● **Goal of the exercise**
Print every line of the listing below, starting with the line that holds "ラウンド グレー 20cm" and going on through the line that holds "2025 Chevrolet Silverado 2500HD", both included, and print nothing else.

● **Records supplied**
◇ ◇ ◇
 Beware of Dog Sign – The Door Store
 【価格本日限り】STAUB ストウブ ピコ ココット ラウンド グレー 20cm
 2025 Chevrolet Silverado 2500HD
◇ ◇ ◇
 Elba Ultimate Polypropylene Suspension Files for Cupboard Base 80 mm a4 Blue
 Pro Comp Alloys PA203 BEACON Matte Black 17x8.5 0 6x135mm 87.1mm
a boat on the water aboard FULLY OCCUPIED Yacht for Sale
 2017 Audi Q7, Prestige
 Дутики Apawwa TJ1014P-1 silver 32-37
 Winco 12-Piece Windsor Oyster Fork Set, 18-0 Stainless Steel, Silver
◇ ◇ ◇
● **Task response**
 【価格本日限り】STAUB ストウブ ピコ ココット ラウンド グレー 20cm
 2025 Chevrolet Silverado 2500HD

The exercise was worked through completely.